▸ Your assignment:
Take the listing below and output it exactly, with no images.
(Exercise data Opens)
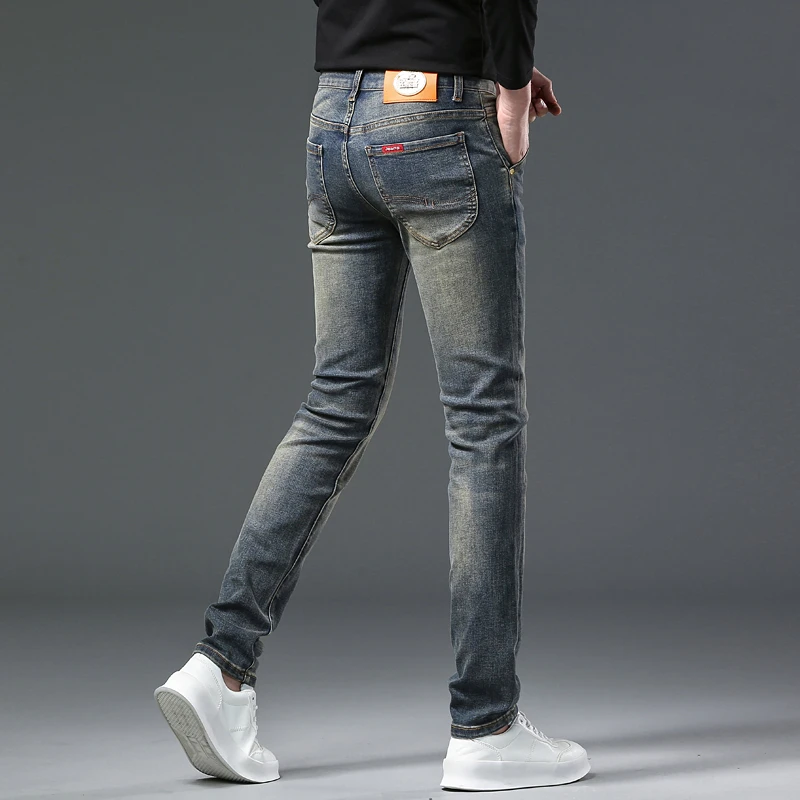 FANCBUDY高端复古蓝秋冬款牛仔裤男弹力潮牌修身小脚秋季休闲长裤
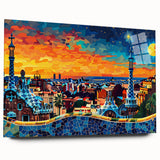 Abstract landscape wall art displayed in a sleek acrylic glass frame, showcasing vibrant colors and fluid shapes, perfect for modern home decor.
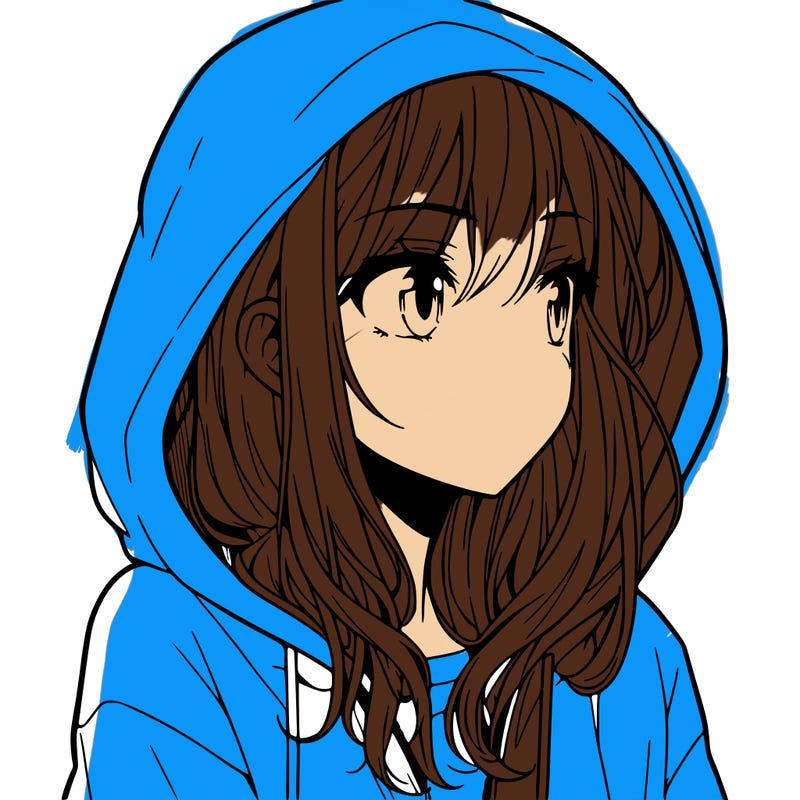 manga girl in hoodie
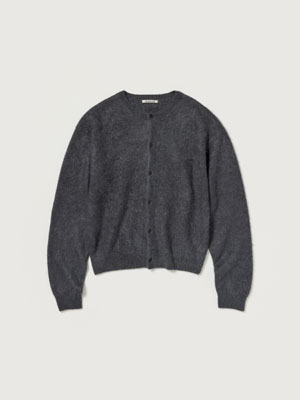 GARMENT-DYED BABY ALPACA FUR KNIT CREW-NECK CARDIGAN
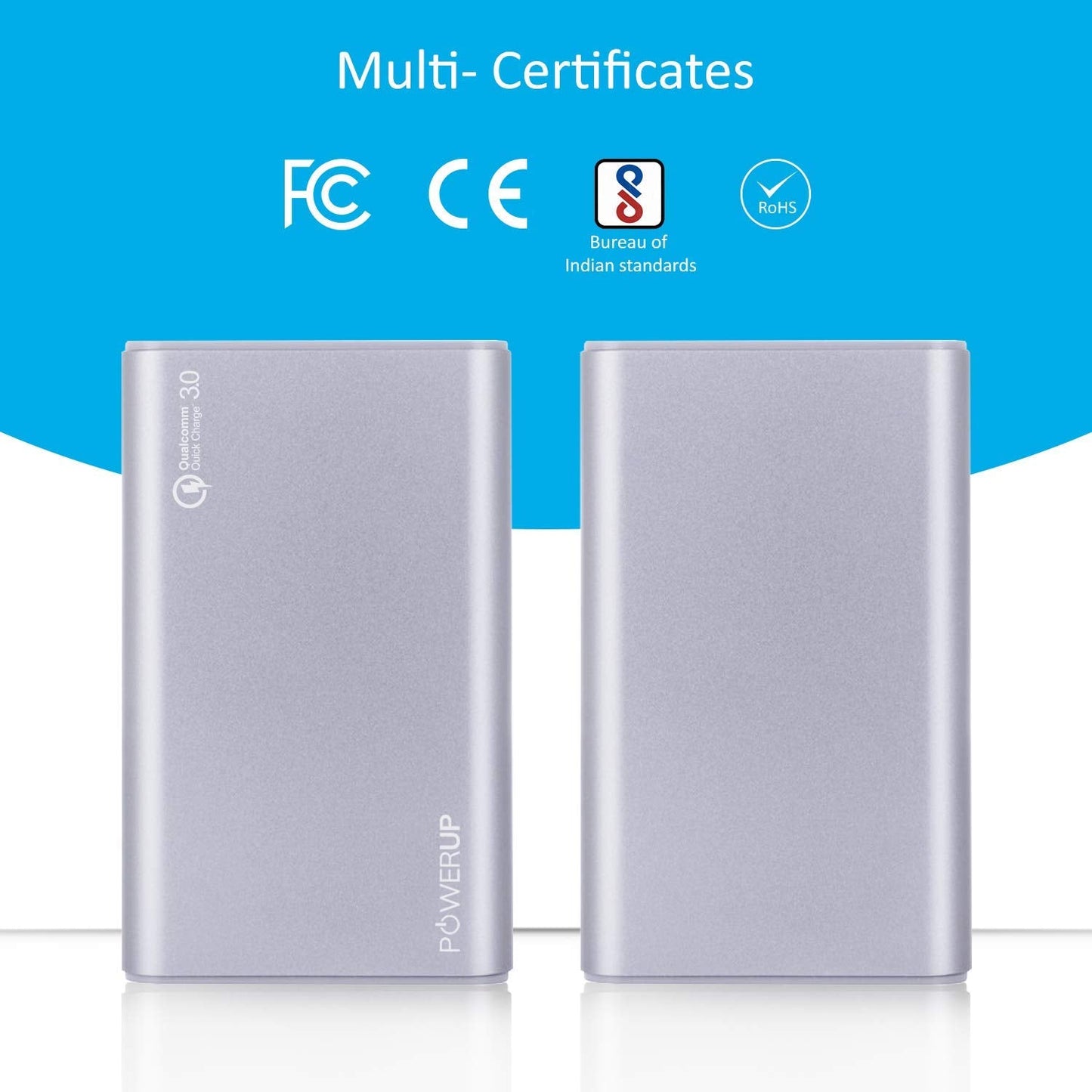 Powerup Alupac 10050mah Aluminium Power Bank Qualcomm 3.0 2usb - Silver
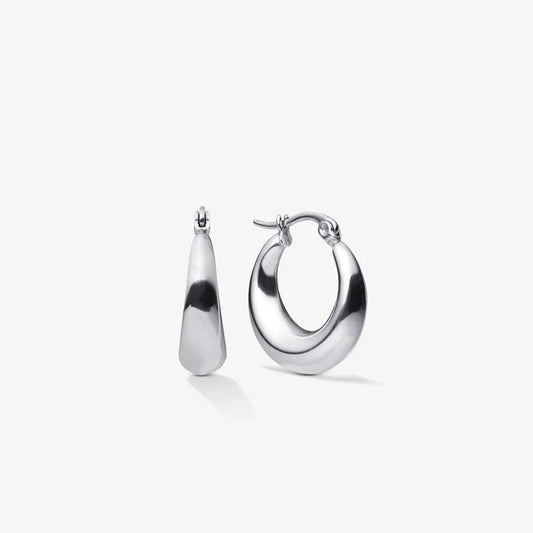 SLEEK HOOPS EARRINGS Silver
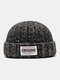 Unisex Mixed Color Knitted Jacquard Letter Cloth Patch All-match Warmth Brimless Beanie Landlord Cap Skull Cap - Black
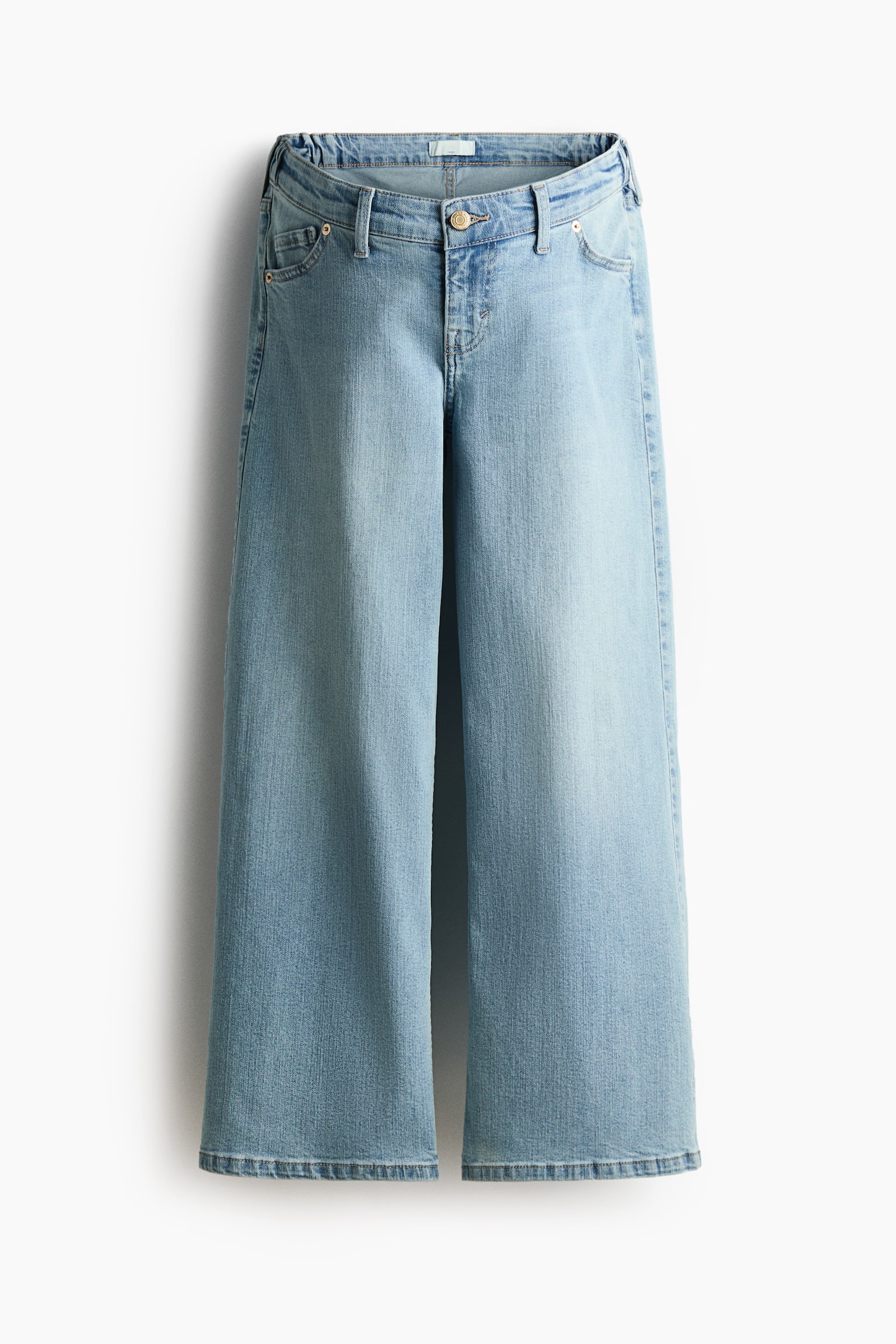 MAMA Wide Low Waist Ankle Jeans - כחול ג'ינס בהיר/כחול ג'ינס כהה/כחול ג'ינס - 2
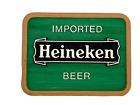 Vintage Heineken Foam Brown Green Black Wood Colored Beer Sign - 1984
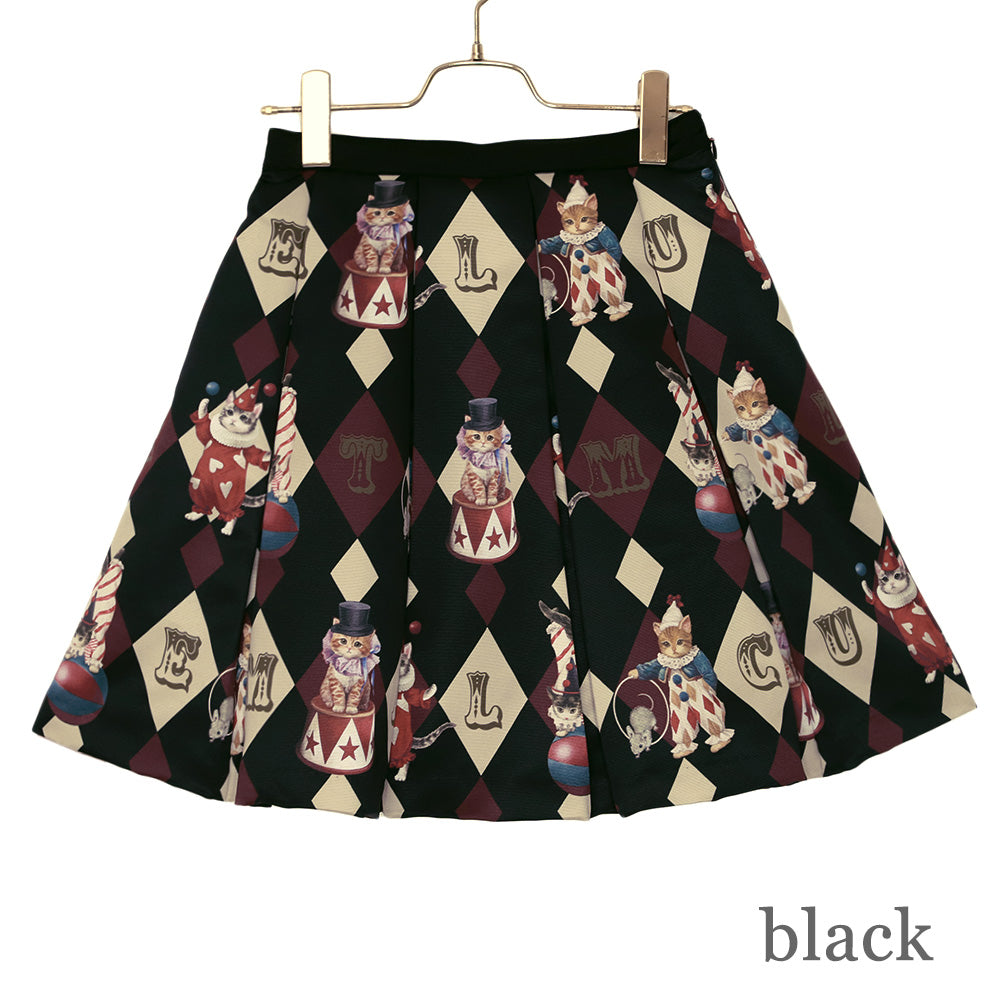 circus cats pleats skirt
(Exercise data Closes)
▸ Task solution:
 FANCBUDY高端复古蓝秋冬款牛仔裤男弹力潮牌修身小脚秋季休闲长裤
 Abstract landscape wall art displayed in a sleek acrylic glass frame, showcasing vibrant colors and fluid shapes, perfect for modern home decor.
 manga girl in hoodie
 GARMENT-DYED BABY ALPACA FUR KNIT CREW-NECK CARDIGAN
 Powerup Alupac 10050mah Aluminium Power Bank Qualcomm 3.0 2usb - Silver
 SLEEK HOOPS EARRINGS Silver
 Unisex Mixed Color Knitted Jacquard Letter Cloth Patch All-match Warmth Brimless Beanie Landlord Cap Skull Cap - Black
 MAMA Wide Low Waist Ankle Jeans - כחול ג'ינס בהיר/כחול ג'ינס כהה/כחול ג'ינס - 2
 Vintage Heineken Foam Brown Green Black Wood Colored Beer Sign - 1984
 circus cats pleats skirt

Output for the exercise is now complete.